Records -
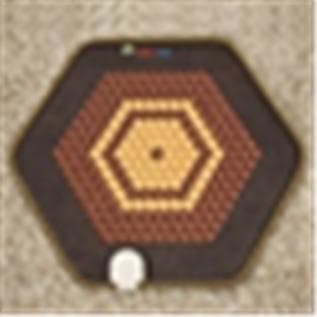Ceramic Hexagon Electric Cushion_Medium BHM-9030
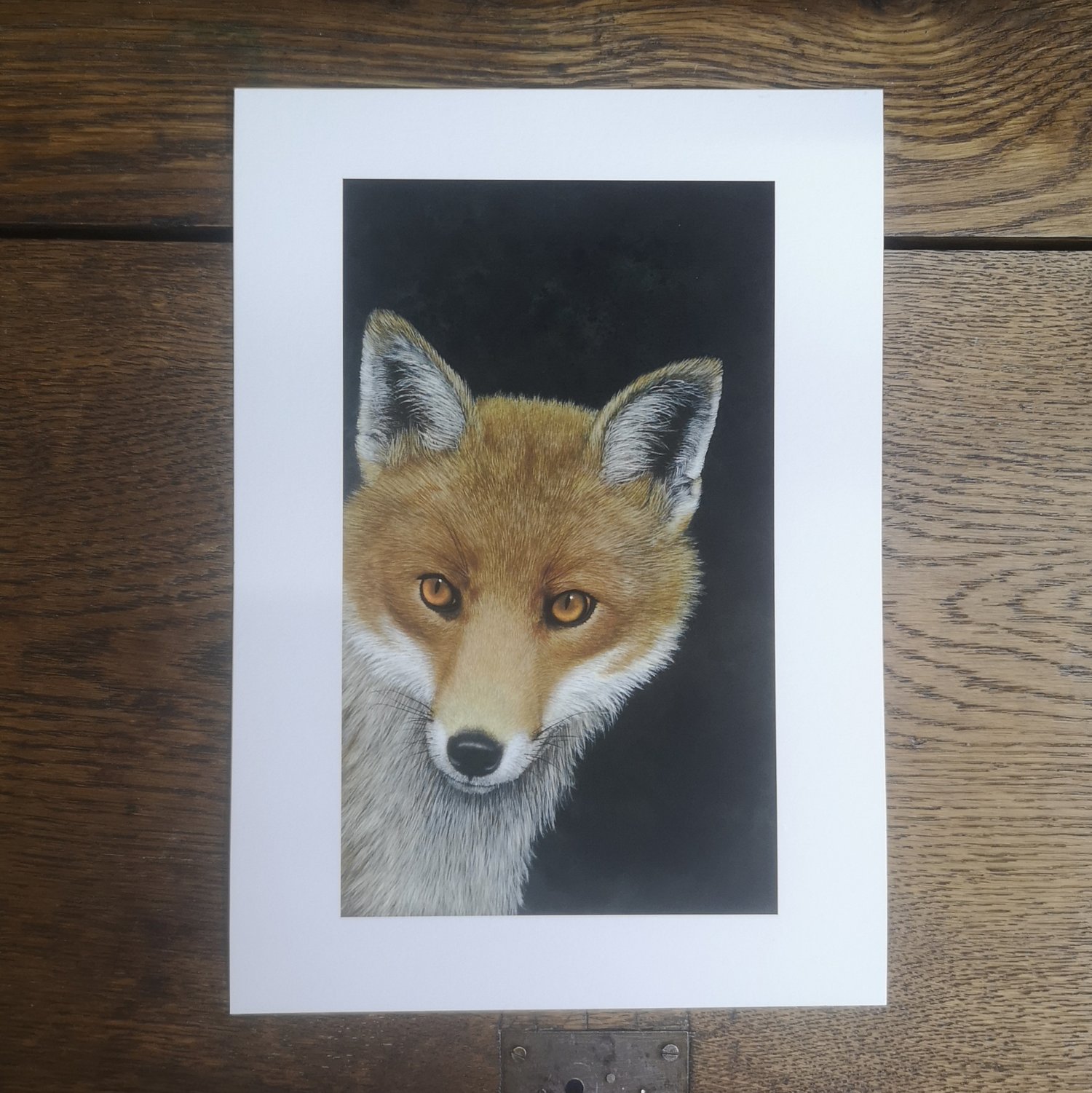 Image of SILENT WATCH ~ A4 art print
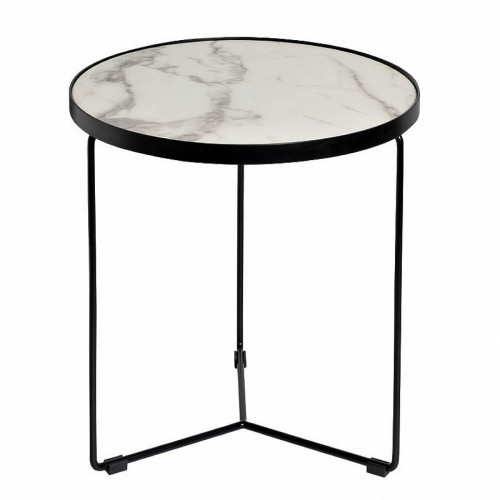 стол журнальный royal white d50*48см в Казани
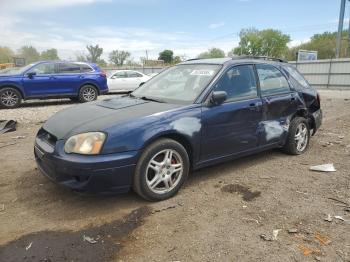  Salvage Subaru Impreza
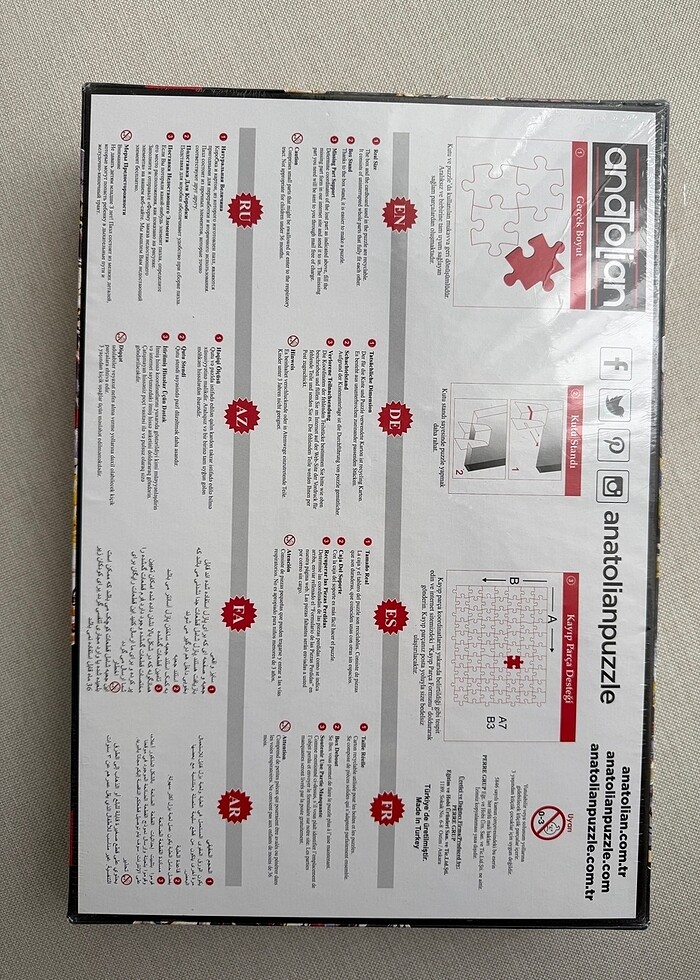 1000 parça puzzle - Görsel 2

What is expected - No pictures belong in the output. Restate word for word only the lines from the one containing "Salvage Subaru Impreza" to the end of the entries above.

Response area -
  Salvage Subaru Impreza
 1000 parça puzzle - Görsel 2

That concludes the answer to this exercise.